__DATASET EXCERPTS__:
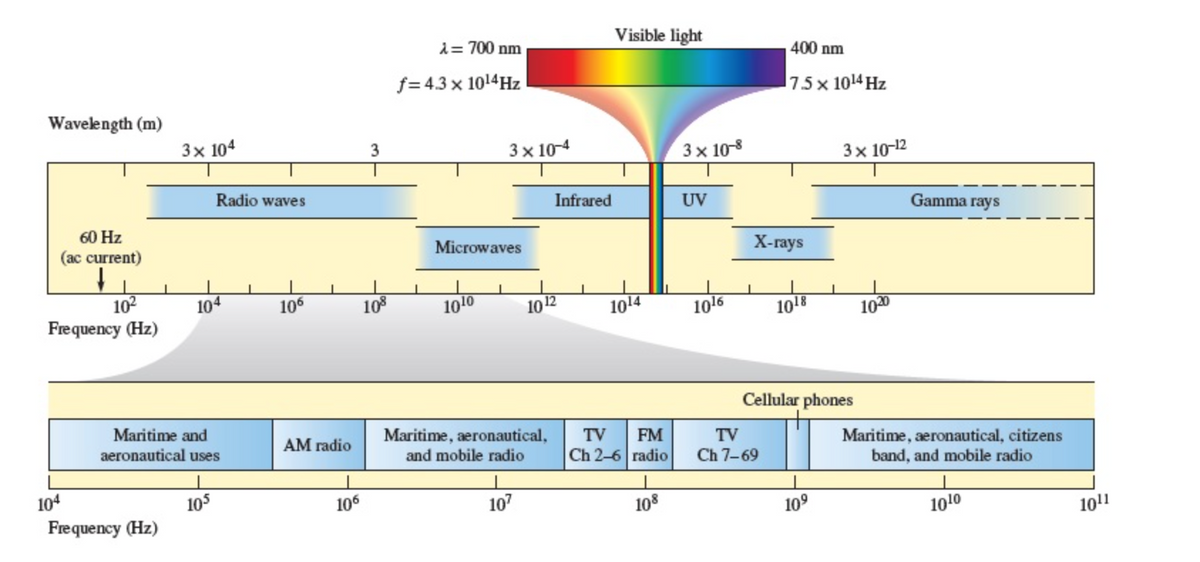 Wavelength (m)
60 Hz
(ac current)
10²
Frequency (Hz)
104
3x 104
Frequency (Hz)
Radio waves
104
Maritime and
aeronautical uses
105
106
AM radio
106
3
108
λ = 700 nm
f=4.3 x 10¹4Hz
3 x 10-4
Microwaves
10 10
Infrared
1012
Maritime, aeronautical,
and mobile radio
107
Visible light
1014
TV FM
Ch 2-6 radio
108
3 x 10-8
UV
1016
400 nm
7.5 x 10¹4 Hz
X-rays
TV
Ch 7-69
1018
Cellular phones
3x 10-12
10⁹
1020
Gamma rays
Maritime, aeronautical, citizens
band, and mobile radio
10 ¹0
10¹1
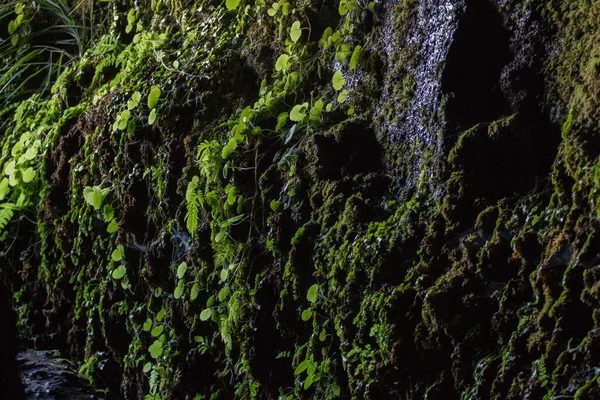 Levada de Caldeirao Verde — Fotografia de Stock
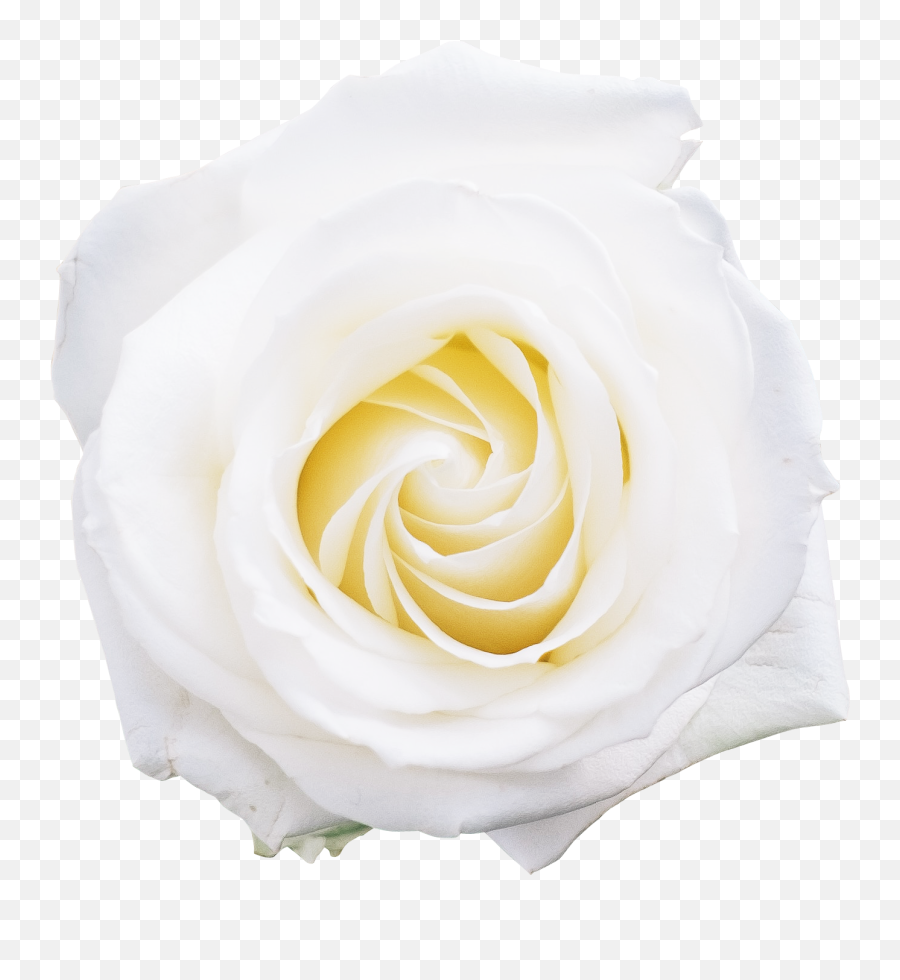 White Rose Png - Flower,White Roses Png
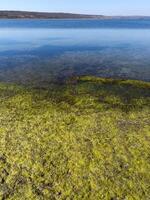 Drying shallow pond and green algae rotting on the shore, Tiligul estuary photo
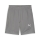 teamFINAL Trainingsshort Cast Iron-PUMA Silver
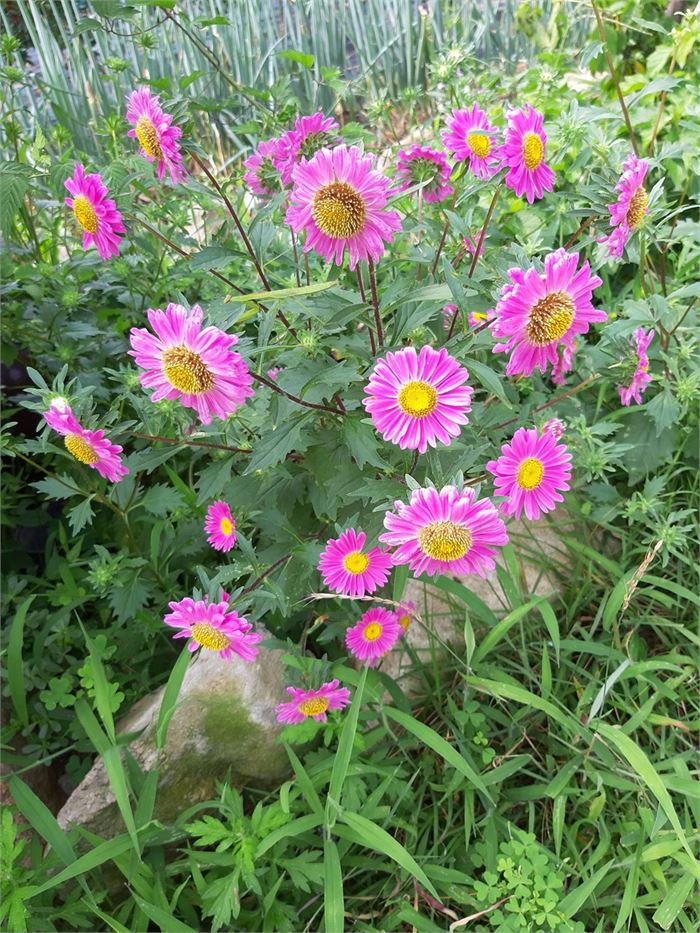 과꽃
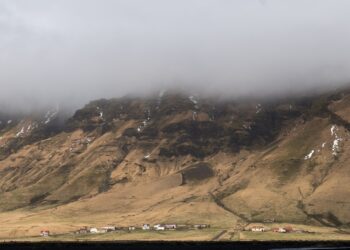 Farver Farms Grows In The ‘Middle Of Nowhere’ With Their Wheat And Lentils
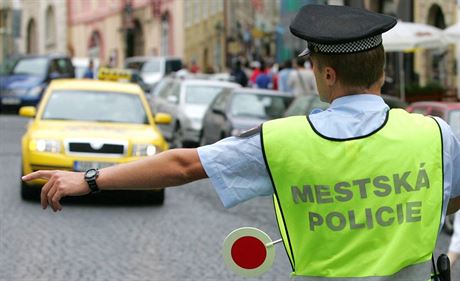 Podle odborá opavské mstské policie se v seznamu aut, která stráníci ve mst nesmí pokutovat, objevily i soukromé vozy. (Ilustraní snímek)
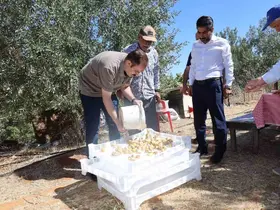 Kaymakam Battal, incir hasadında üreticilerle bir araya geldi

__REQUIRED WORK__: Every line above that includes the string "Maritime" needs to be copied.

__SOLUTION TO THIS TASK__:
Maritime and
Maritime, aeronautical,
Maritime, aeronautical, citizens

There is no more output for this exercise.